The derivative of tan function with respect to a variable is equal to square of secant. If $x$ is a variable, then the tangent function is written as $\tan{x}$. The differentiation of the $\tan{x}$ with respect to $x$ is equal to $\sec^2{x}$ and it can be proved mathematically by first principle.

According to definition of the derivative, the derivative of the function in terms of $x$ can be written in the following limiting operation form.

$\dfrac{d}{dx}{\, f(x)}$ $\,=\,$ $\displaystyle \large \lim_{h \,\to\, 0}{\normalsize \dfrac{f(x+h)-f(x)}{h}}$

If $f{(x)} = \tan{x}$, then $f{(x+h)} = \tan{(x+h)}$. Now, the proof of the differentiation of $\tan{x}$ function with respect to $x$ can be started from first principle.

$\implies$ $\dfrac{d}{dx}{\, (\tan{x})}$ $\,=\,$ $\displaystyle \large \lim_{h \,\to\, 0}{\normalsize \dfrac{\tan{(x+h)}-\tan{x}}{h}}$

The difference of the tan functions in the numerator can be simplified by the quotient rule of sine and cos functions.

$=\,\,\,$ $\displaystyle \large \lim_{h \,\to\, 0}{\normalsize \dfrac{\dfrac{\sin{(x+h)}}{\cos{(x+h)}} -\dfrac{\sin{x}}{\cos{x}}}{h}}$

$=\,\,\,$ $\displaystyle \large \lim_{h \,\to\, 0}{\normalsize \dfrac{\dfrac{\sin{(x+h)}\cos{x}-\cos{(x+h)}\sin{x}}{\cos{(x+h)}\cos{x}}}{h}}$

$=\,\,\,$ $\displaystyle \large \lim_{h \,\to\, 0}{\normalsize \dfrac{\sin{(x+h)}\cos{x}-\cos{(x+h)}\sin{x}}{h\cos{(x+h)}\cos{x}}}$

The trigonometric expression in the numerator is the expansion of the angle difference identity of the sin function.
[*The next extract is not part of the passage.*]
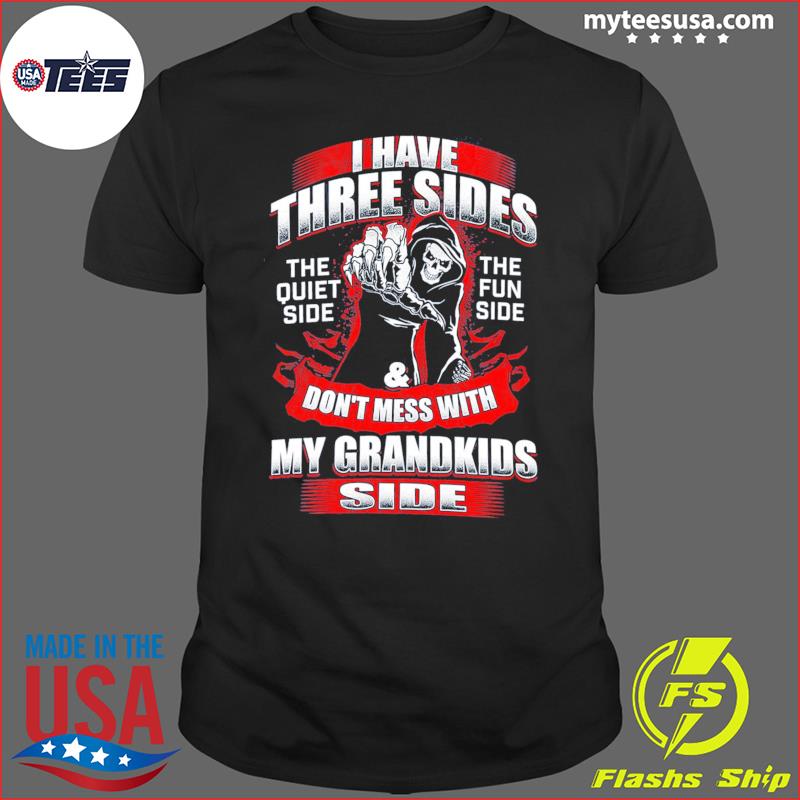 Death I Have Three Sides Don't Mess With My Grandkids Side Shirt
$=\,\,\,$ $\displaystyle \large \lim_{h \,\to\, 0}{\normalsize \dfrac{\sin{(x+h-x)}}{h\cos{(x+h)}\cos{x}}}$

$=\,\,\,$ $\displaystyle \large \lim_{h \,\to\, 0}{\normalsize \require{\cancel} \dfrac{\sin{(\cancel{x}+h-\cancel{x})}}{h\cos{(x+h)}\cos{x}}}$

$=\,\,\,$ $\displaystyle \large \lim_{h \,\to\, 0}{\normalsize \dfrac{\sin{h}}{h\cos{(x+h)}\cos{x}}}$

Now, divide the limit of the function as the limit of product of two functions.
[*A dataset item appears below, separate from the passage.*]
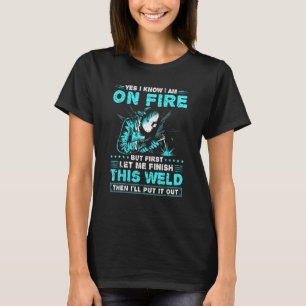 Yes I Know Im On Fire Welding    Welder T-Shirt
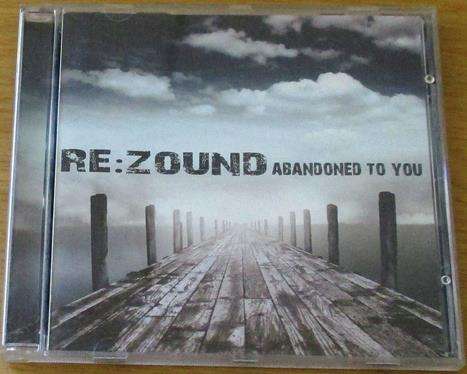 CHRISTIAN ROCK/METAL : RE-ZOUND Abandoned to You CD [BB SHELF C/R/M]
$=\,\,\,$ $\displaystyle \large \lim_{h \,\to\, 0}{\normalsize \Bigg[\dfrac{\sin{h}}{h}}$ $\times$ $\dfrac{1}{\cos{(x+h)}\cos{x}} \Bigg]$

Apply product rule of limits for evaluating limit of the product of the functions.

$=\,\,\,$ $\Bigg(\displaystyle \large \lim_{h \,\to\, 0}{\normalsize \dfrac{\sin{h}}{h}\Bigg)}$ $\times$ $\Bigg(\displaystyle \large \lim_{h \,\to\, 0}{\normalsize \dfrac{1}{\cos{(x+h)}\cos{x}}\Bigg)}$

As per limit of sinx/x as x approaches 0 formula, the limit of the first trigonometric function is equal to one as $h$ tends to zero.
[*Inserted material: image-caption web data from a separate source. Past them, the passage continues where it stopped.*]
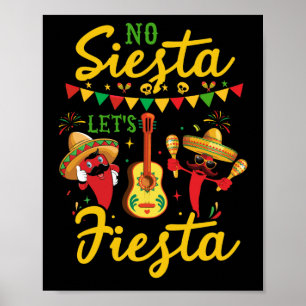 Póster No hay siesta vamos a poner la fiesta mexicana en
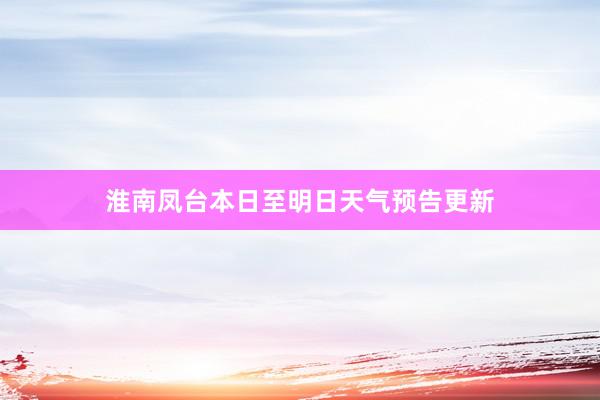 淮南凤台本日至明日天气预告更新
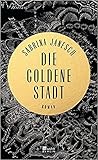 Die goldene Stadt by Sabrina Janesch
$=\,\,\,$ $1 \times \Bigg(\displaystyle \large \lim_{h \,\to\, 0}{\normalsize \dfrac{1}{\cos{(x+h)}\cos{x}}\Bigg)}$

$=\,\,\,$ $\displaystyle \large \lim_{h \,\to\, 0}{\normalsize \dfrac{1}{\cos{(x+h)}\cos{x}}}$

Now, evaluate the limit of the trigonometric function by the direct substitution method.

$=\,\,\, \dfrac{1}{\cos{(x+0)}\cos{x}}$

$=\,\,\, \dfrac{1}{\cos{x}\cos{x}}$

$\implies$ $\dfrac{d}{dx}{\, (\tan{x})}$ $\,=\,$ $\dfrac{1}{\cos^2{x}}$

The reciprocal of the cosine function is equal to secant as per reciprocal identity of cos function.

$\,\,\, \therefore \,\,\,\,\,\,$ $\dfrac{d}{dx}{\, (\tan{x})}$ $\,=\,$ $\sec^2{x}$

Thus, the derivative of tan function with respect to a variable is equal to square of secant function, is derived mathematically from first principle.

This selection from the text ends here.